The ASA has investigated an Audi TV ad featuring a group of clowns seen, well, clowning around on the road, causing hazards which Audi drivers are forced to avoid with the help of their cars’ safety features and driver aids. The UK regulator found the ad not in breach.

It is an interesting one in light of the recently upheld rulings against Ford and, in particular, Fiat and Nissan (see my note on these).

The Audi ad received one complaint, claiming that it exaggerated the benefits of the car's safety features and suggested that these features allowed the car to be driven in complete safety. The ASA disagreed, sensibly concluding that people would understand there were limitations with these technologies.

Notably, there were no complaints that the ad encouraged unsafe driving. Despite this, Audi's response to the ASA was at pains to head off any such suggestion. In the end, the ASA didn't really touch on this point in its own analysis.

This is surprising, given the recent upheld rulings against the Nissan and Fiat ads. Those ads were found to have encouraged unsafe driving, despite the Fiat ad being set in a fantastical cityscape (complete with a loop-the-loop) and the Nissan ad using an example of poor driving purely to showcase the car's safety credentials.

The Audi ad was set on real roads and involved plenty of unsafe driving. So what was the difference?

A key factor may be that the clowns and their ridiculous antics – driving buses with pie spattered faces, floating dreamily into power lines under a bunch of balloons, applying lipstick whilst parked across lanes – add just enough incredulity to the overall picture. By contrast, the ASA considered the Fiat ad to be on balance just a little too close to reality.

Also, in the Audi ad the bad driving came from the comical clowns, not the real-world Audi drivers; and it was so bad that no one could possibly take it (or them) seriously.
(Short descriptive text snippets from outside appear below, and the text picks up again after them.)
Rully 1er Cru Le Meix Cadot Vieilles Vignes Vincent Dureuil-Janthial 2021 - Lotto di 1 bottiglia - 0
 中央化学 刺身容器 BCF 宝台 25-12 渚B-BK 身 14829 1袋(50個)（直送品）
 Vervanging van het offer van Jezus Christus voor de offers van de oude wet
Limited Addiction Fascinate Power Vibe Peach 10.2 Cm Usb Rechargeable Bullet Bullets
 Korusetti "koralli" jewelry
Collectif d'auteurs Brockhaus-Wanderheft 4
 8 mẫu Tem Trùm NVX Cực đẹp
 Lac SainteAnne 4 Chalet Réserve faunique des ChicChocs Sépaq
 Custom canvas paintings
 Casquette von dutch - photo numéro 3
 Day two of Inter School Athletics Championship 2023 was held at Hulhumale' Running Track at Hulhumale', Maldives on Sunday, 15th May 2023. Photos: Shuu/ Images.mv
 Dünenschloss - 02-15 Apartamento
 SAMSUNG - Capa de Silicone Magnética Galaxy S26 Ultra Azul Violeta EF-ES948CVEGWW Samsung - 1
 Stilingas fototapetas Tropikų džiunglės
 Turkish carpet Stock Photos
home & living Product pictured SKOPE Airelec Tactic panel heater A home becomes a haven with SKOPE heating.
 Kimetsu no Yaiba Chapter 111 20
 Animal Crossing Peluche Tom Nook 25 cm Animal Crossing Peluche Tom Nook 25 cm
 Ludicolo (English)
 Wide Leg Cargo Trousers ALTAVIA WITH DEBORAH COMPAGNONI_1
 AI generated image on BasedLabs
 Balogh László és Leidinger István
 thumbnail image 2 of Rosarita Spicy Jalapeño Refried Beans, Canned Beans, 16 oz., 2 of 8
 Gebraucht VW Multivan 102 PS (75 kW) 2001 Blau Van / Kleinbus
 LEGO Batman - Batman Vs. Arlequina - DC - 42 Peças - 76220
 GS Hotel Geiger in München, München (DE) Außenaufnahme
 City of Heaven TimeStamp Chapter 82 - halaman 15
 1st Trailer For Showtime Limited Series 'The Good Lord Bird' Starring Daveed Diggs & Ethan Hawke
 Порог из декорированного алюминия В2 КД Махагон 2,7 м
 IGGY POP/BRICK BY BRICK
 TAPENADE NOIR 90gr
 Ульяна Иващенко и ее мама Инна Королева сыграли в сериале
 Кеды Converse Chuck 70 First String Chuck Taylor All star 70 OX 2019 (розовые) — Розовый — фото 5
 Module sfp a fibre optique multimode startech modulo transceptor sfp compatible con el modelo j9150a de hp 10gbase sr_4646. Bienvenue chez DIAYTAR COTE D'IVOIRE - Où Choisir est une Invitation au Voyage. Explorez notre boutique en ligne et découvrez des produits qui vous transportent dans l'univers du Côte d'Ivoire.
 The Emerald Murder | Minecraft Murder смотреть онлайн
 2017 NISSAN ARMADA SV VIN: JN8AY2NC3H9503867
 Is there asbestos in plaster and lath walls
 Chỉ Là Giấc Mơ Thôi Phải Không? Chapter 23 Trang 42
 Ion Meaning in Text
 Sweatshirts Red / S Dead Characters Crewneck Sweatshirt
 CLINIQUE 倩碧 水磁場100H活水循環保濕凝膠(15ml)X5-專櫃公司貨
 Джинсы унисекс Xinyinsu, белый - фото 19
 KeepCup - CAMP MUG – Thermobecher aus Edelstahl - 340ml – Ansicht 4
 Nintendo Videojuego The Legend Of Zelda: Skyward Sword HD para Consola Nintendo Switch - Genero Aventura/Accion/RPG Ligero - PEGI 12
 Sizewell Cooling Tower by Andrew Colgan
The ASA noted that the Audis were not moving particularly quickly and pointed to the fact that the safety features were engaged as a result of actions taken by other drivers (unlike in the Nissan ad where the driver was at fault).

Perhaps that's why the ASA (probably quite rightly) didn't feel it necessary to consider the unsafe driving angle, which they could have done, even though it wasn't raised by the complainant.